● **Data for processing**
Start of Block

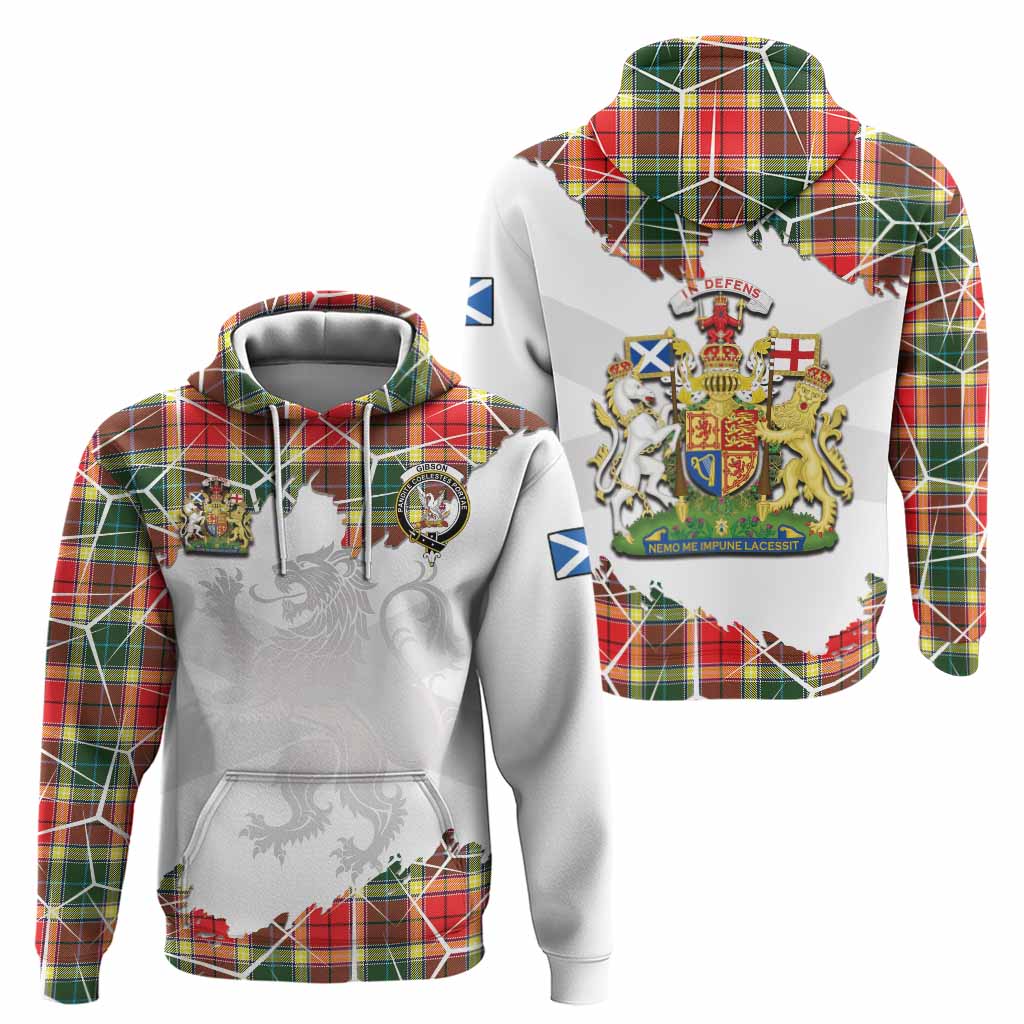Gibson (Gibbs or Gibsone) Tartan Hoodie with Family Crest and Lion Rampant Grunge Style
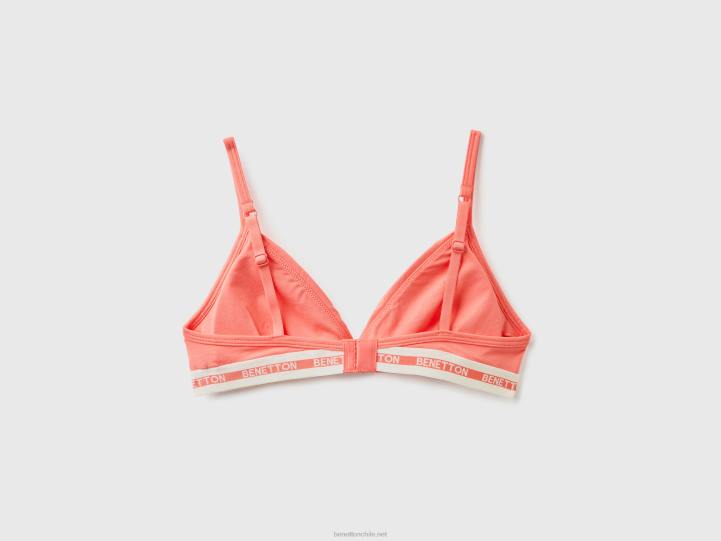 sujetador triangular de algodón orgánico NHBF4273 coral naranja mujer Benetton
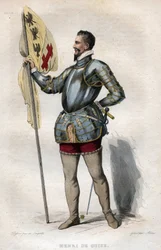 Portret Henryka I, księcia Guise (1550-1588) zwanego „z blizną”, ilustracja z „Le Plutarque Français” Edmonda Mennecheta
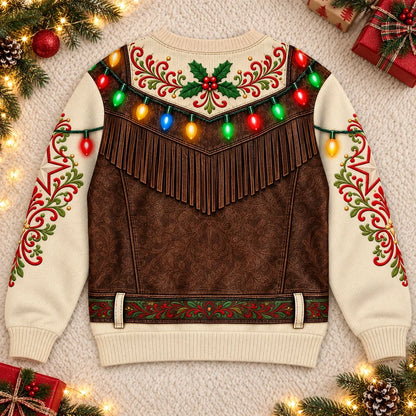 Funny Christmas Cowboy Belly Sweatshirt – Western Holiday Lights Pullover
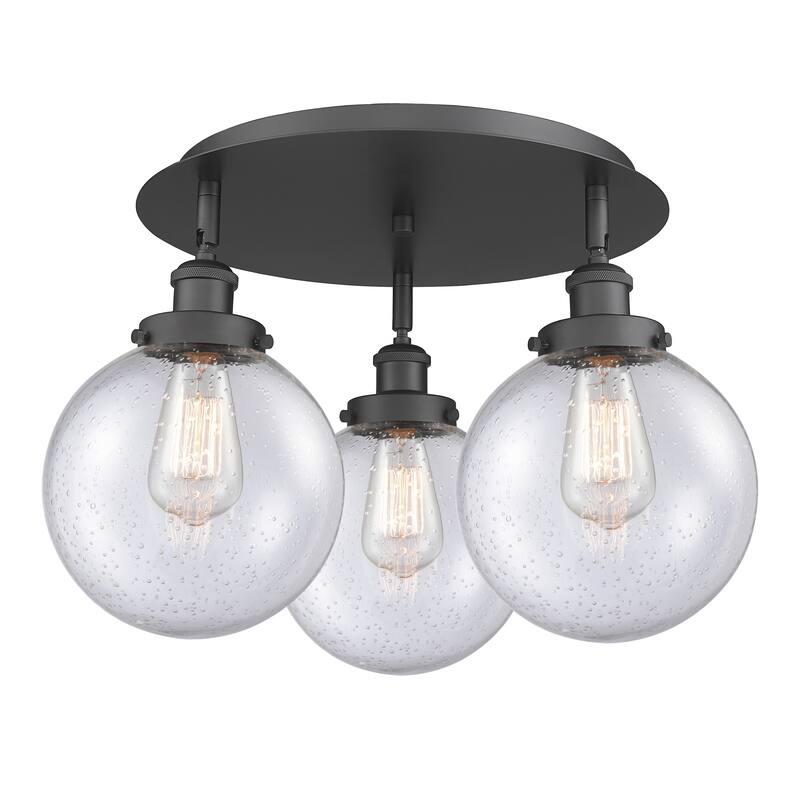 Innovations Lighting Canton - 3 Light 20" Flush Mount - Seedy/Matte Black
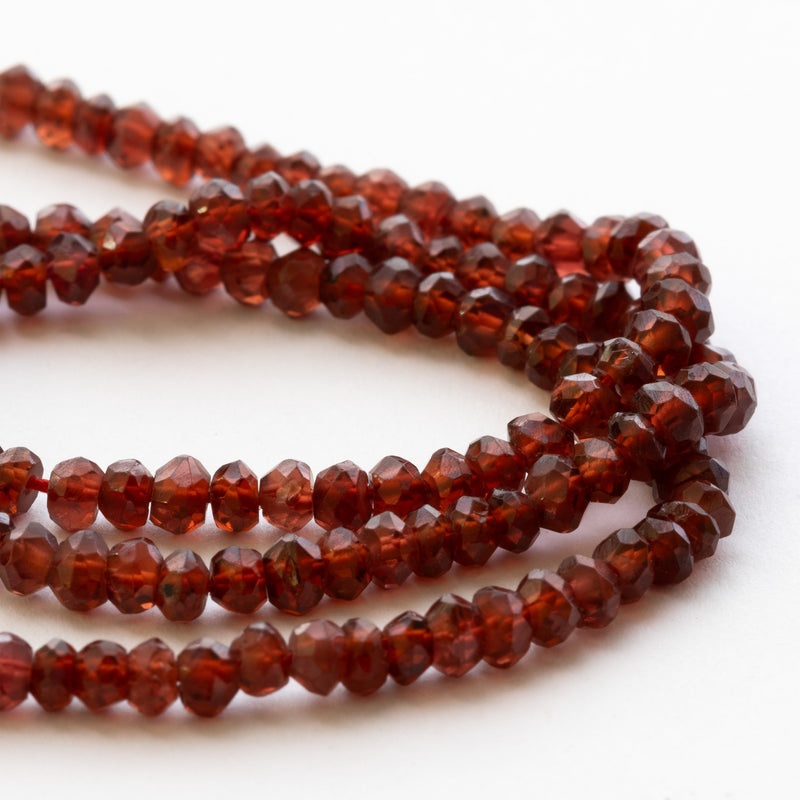 Garnet Faceted Rondelle Beads Approx 3.5x2.5mm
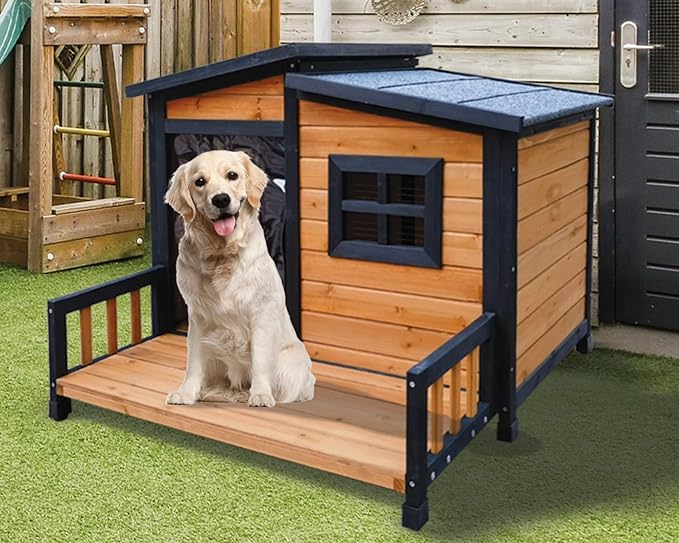 Large Indoor Outdoor Dog House,Wood Insulated Dog House,Weatherproof Outside Shelter with Elevated Floor,Easy to Assemble(39.3" L x 37.5" W x 30" H)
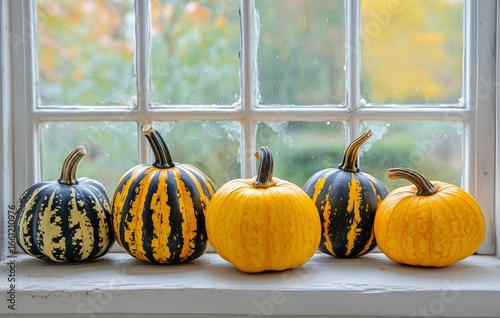 Colorful Pumpkins Arranged on a Windowsill in a Cozy Interior During Autumn S...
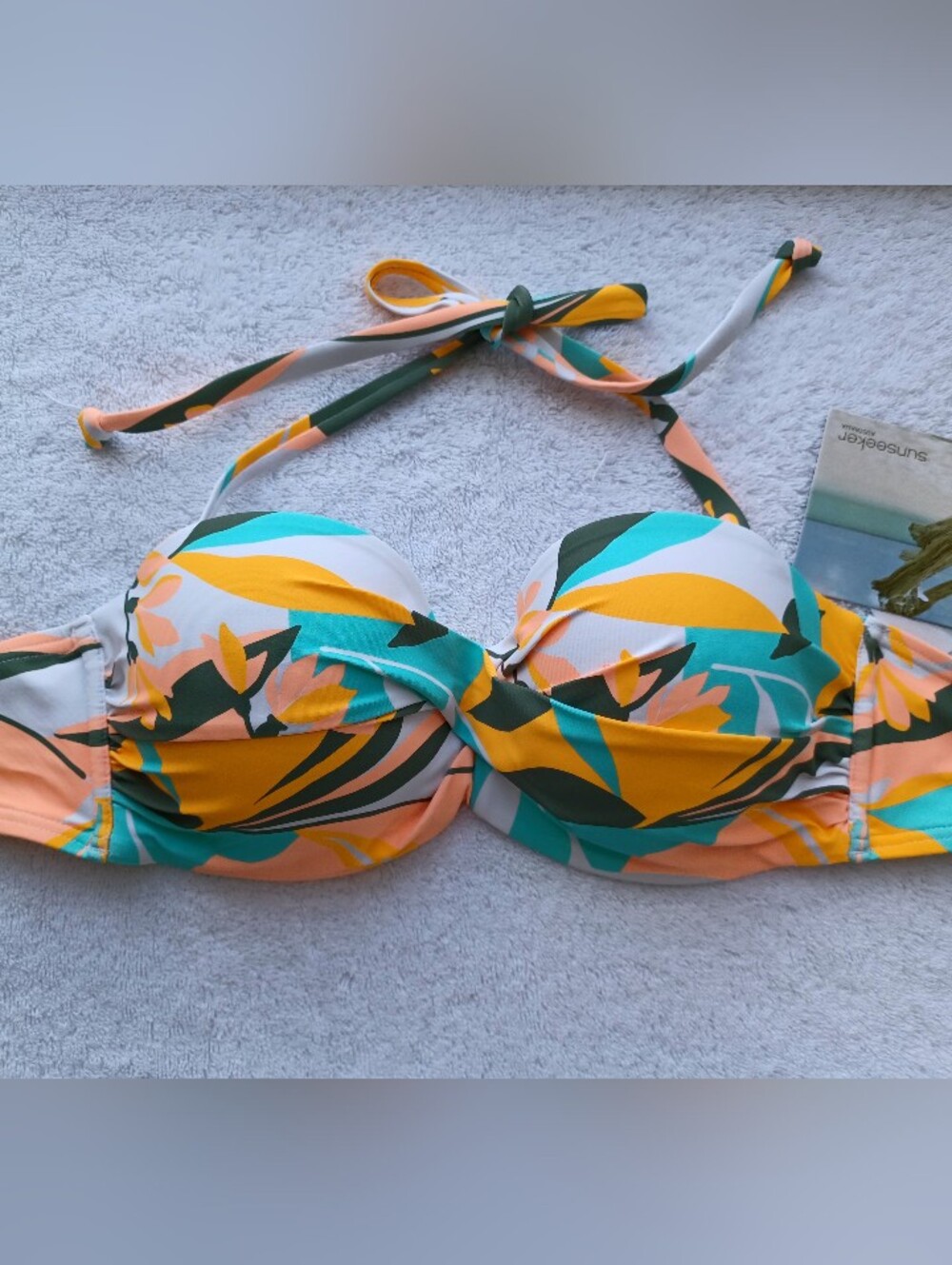 Sunseeker Multicolor Tropical Bandeau Bikini Top, Size 36B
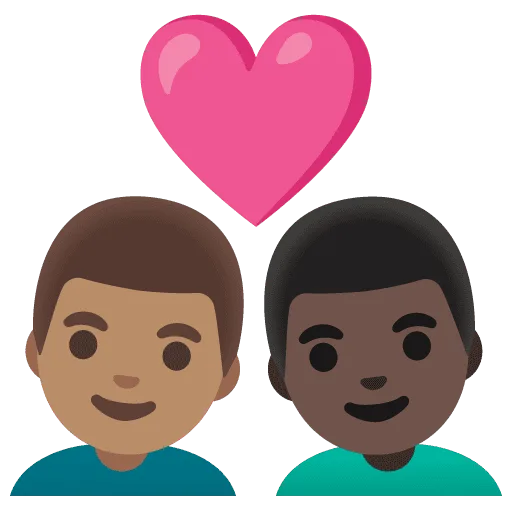 👨🏽‍❤️‍👨🏿 Pasangan dengan Hati Pria dengan Pria Warna Kulit Sedang dengan Warna Kulit Gelap Google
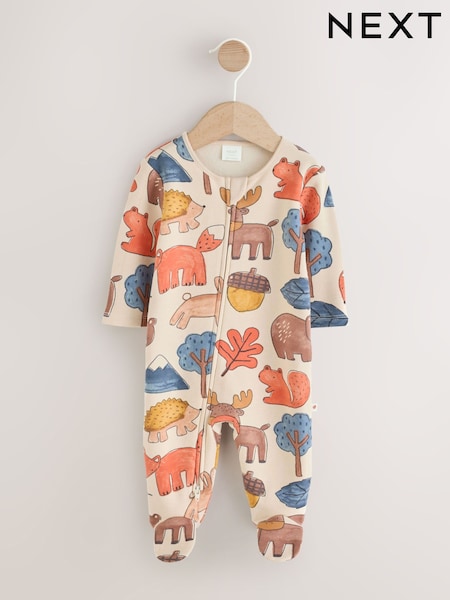 Multi Woodland Animal - Fleece Lined Two Way Zip Baby Sleepsuit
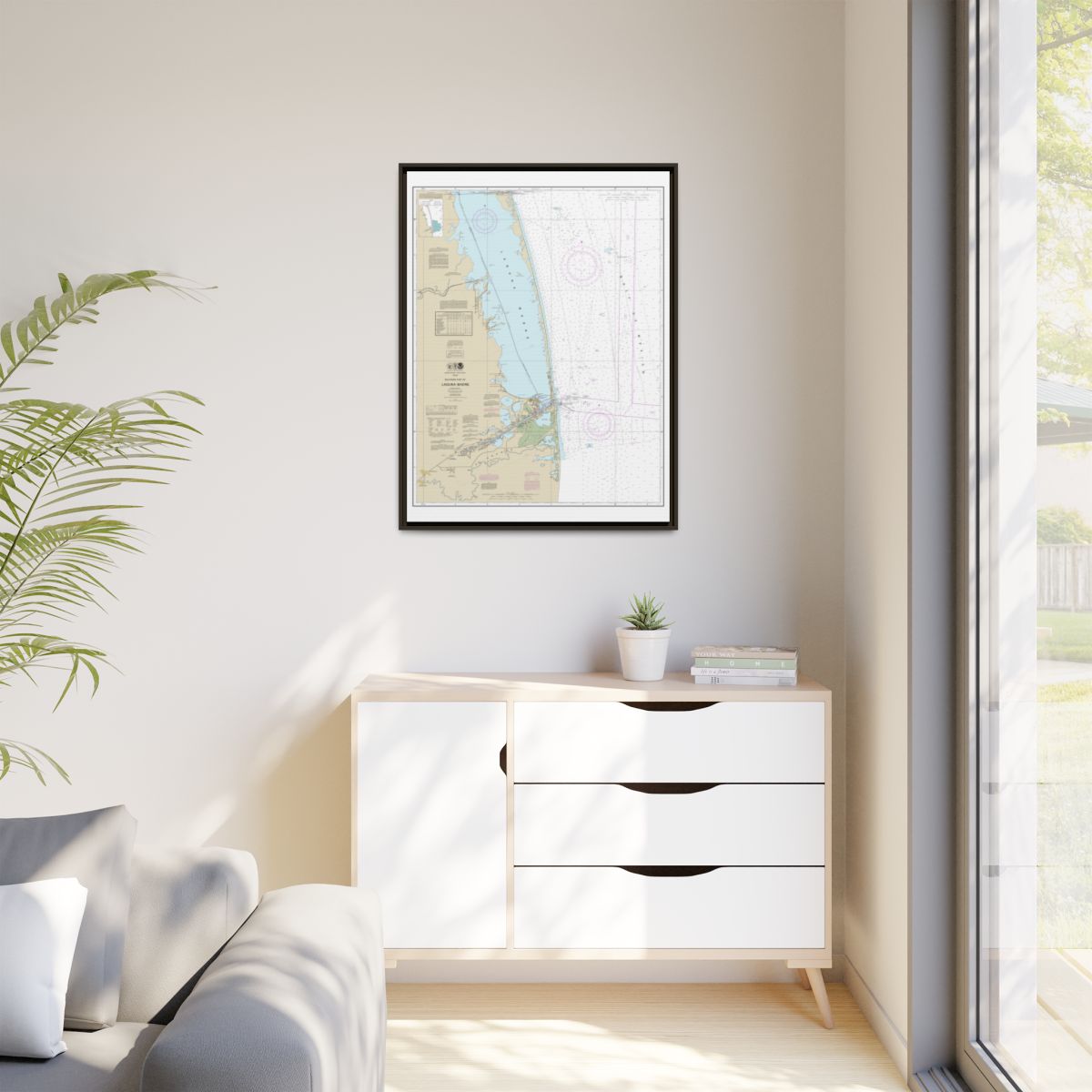 Chart 11301 Southern part of Laguna Madre - NOAA Nautical Chart Floating Frame Canvas | 24" x 32" | 30" x 40" - Espresso context-1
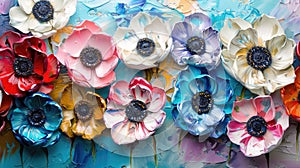Montáž z ohromujúci sasanka kvety v a ďalšie vibrujúci farby pastózny maľba maľovanie techniky poskytnúť 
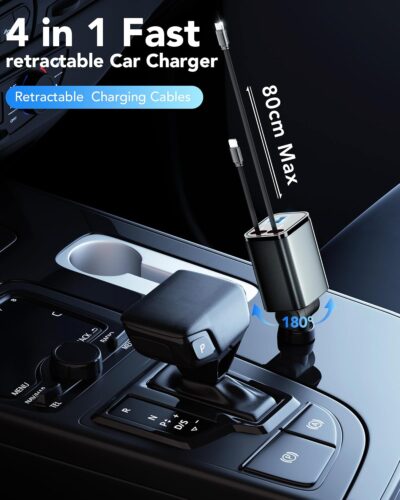 Retractable Car Charger Adapter for iPhone 17,4 in 1 Fast Charging Car Phone Charger,69W USB C Car Truck Accessories,Road Trip Essentials Gift for Men Women for iPhone 17 Pro Max/16/15/14,Galaxy S26 - Image 7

End of Block

● **Exercise prompt**
Reproduce exactly, and only, the part of the entries above that runs from the line with "Kulit Gelap Google" to the last line, both included. Pictures stay out.

● **Solved exercise**
 👨🏽‍❤️‍👨🏿 Pasangan dengan Hati Pria dengan Pria Warna Kulit Sedang dengan Warna Kulit Gelap Google
 Multi Woodland Animal - Fleece Lined Two Way Zip Baby Sleepsuit
 Chart 11301 Southern part of Laguna Madre - NOAA Nautical Chart Floating Frame Canvas | 24" x 32" | 30" x 40" - Espresso context-1
Montáž z ohromujúci sasanka kvety v a ďalšie vibrujúci farby pastózny maľba maľovanie techniky poskytnúť 
 Retractable Car Charger Adapter for iPhone 17,4 in 1 Fast Charging Car Phone Charger,69W USB C Car Truck Accessories,Road Trip Essentials Gift for Men Women for iPhone 17 Pro Max/16/15/14,Galaxy S26 - Image 7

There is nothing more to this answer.